Start of Material shown

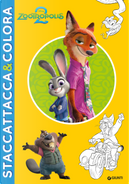 Zootropolis 2. Staccattacca & colora. Con adesivi by Walt Disney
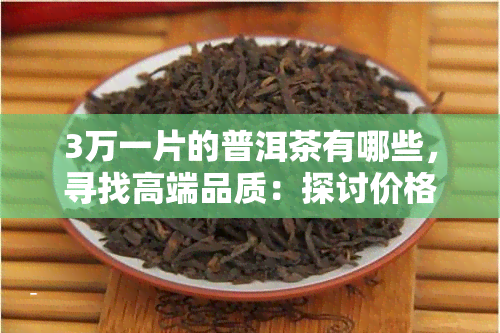 3万一片的普洱茶有哪些，寻找高端品质：探讨价格为3万元一片的普洱茶叶种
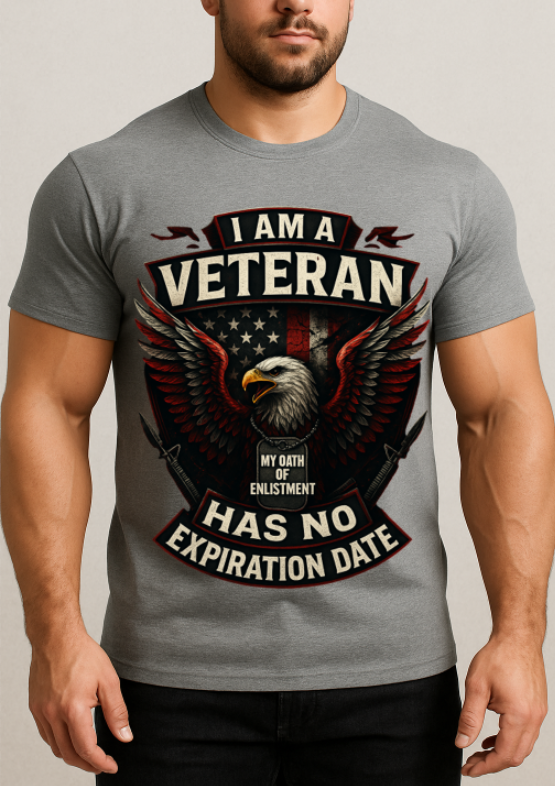 Patriot Veteran T-Shirt – I Am A Veteran My Oath Has No Expiration Date – Proud Military Present Tee For Veteran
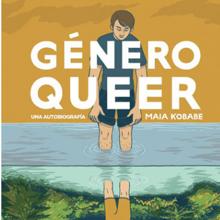 El libro más censurado en 2021 en EE.UU., sobre lo 'queer'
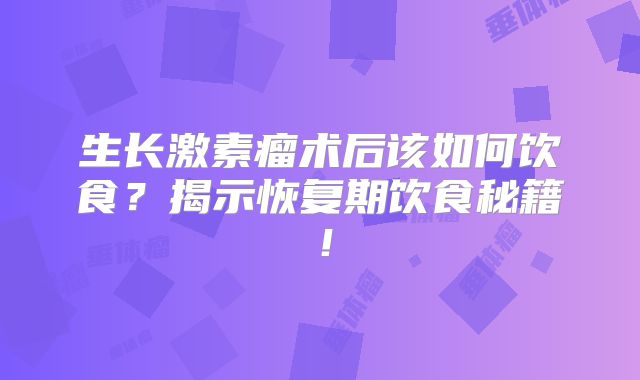 生长激素瘤术后该如何饮食？揭示恢复期饮食秘籍！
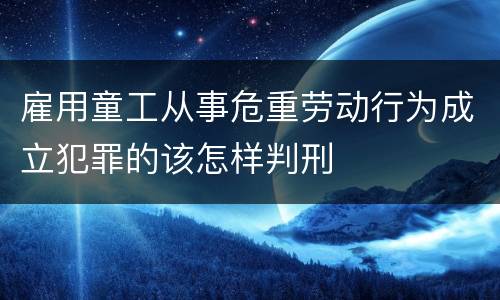 雇用童工从事危重劳动行为成立犯罪的该怎样判刑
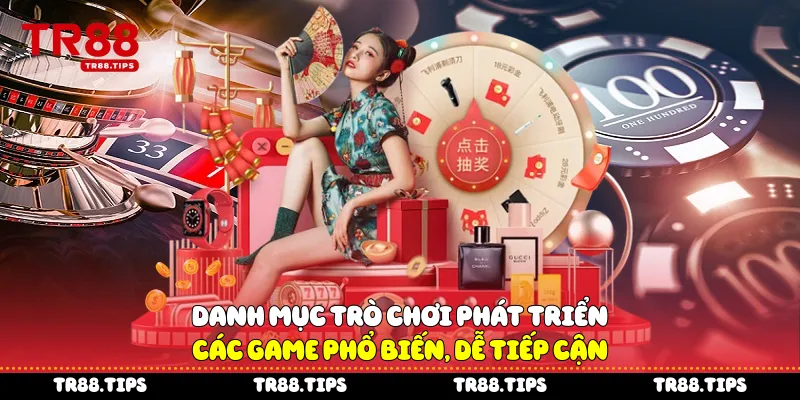 Danh mục trò chơi phát triển các game phổ biến, dễ tiếp cận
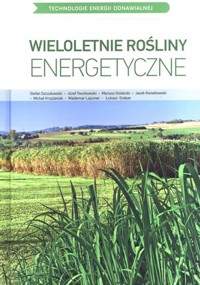 Wieloletnie rośliny energetyczne - zbiorowa praca - książka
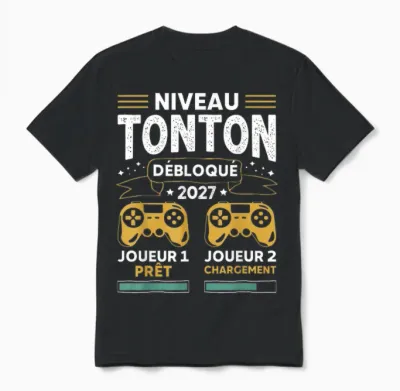 Niveau Tonton Débloqué 2027 Tu Vas être Futur Tonton Gamer Unisex T-Shirt - Black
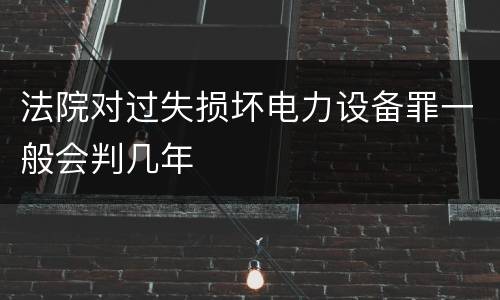 法院对过失损坏电力设备罪一般会判几年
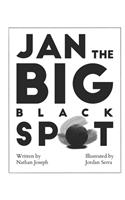 Jan the Big Black Spot
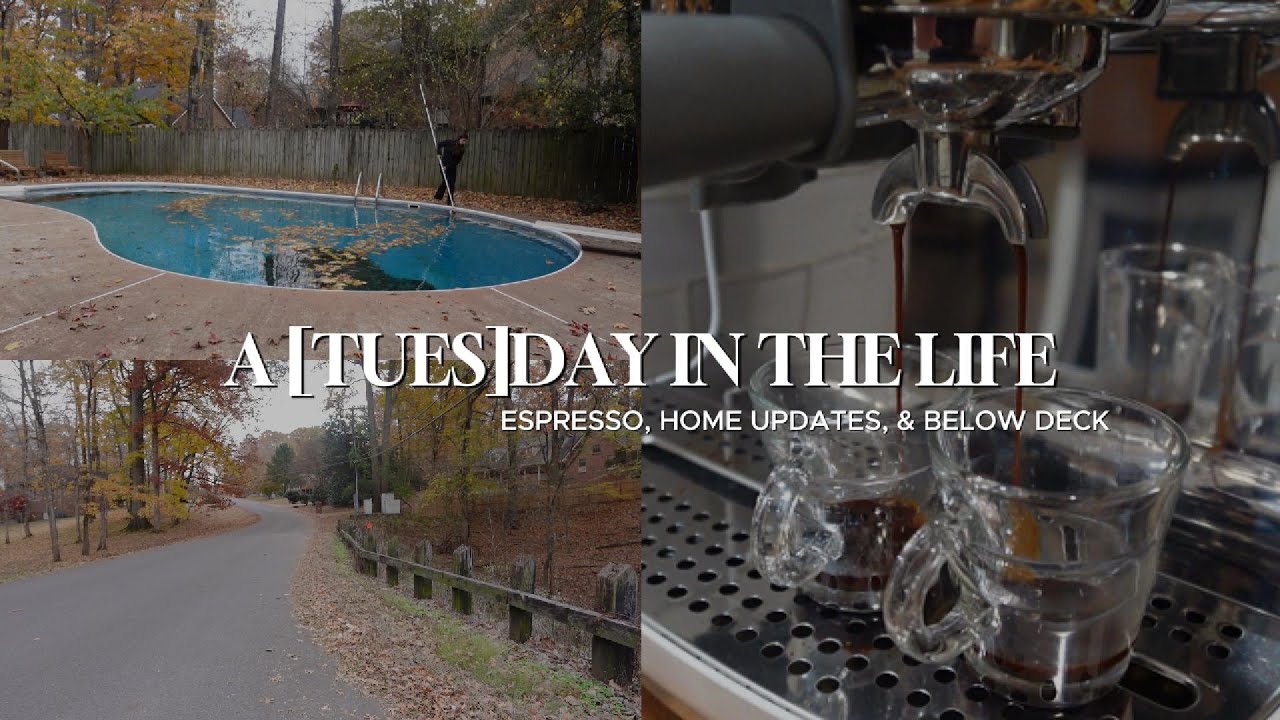 A [Tues]day in the Life | Espresso, Home Updates & Below Deck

End of Material shown

The job here is to retype the data exactly, with no pictures included.

 Zootropolis 2. Staccattacca & colora. Con adesivi by Walt Disney
 3万一片的普洱茶有哪些，寻找高端品质：探讨价格为3万元一片的普洱茶叶种
 Patriot Veteran T-Shirt – I Am A Veteran My Oath Has No Expiration Date – Proud Military Present Tee For Veteran
 El libro más censurado en 2021 en EE.UU., sobre lo 'queer'
 生长激素瘤术后该如何饮食？揭示恢复期饮食秘籍！
 雇用童工从事危重劳动行为成立犯罪的该怎样判刑
 Danh mục trò chơi phát triển các game phổ biến, dễ tiếp cận
 Wieloletnie rośliny energetyczne - zbiorowa praca - książka
 Niveau Tonton Débloqué 2027 Tu Vas être Futur Tonton Gamer Unisex T-Shirt - Black
 法院对过失损坏电力设备罪一般会判几年
 Jan the Big Black Spot
 A [Tues]day in the Life | Espresso, Home Updates & Below Deck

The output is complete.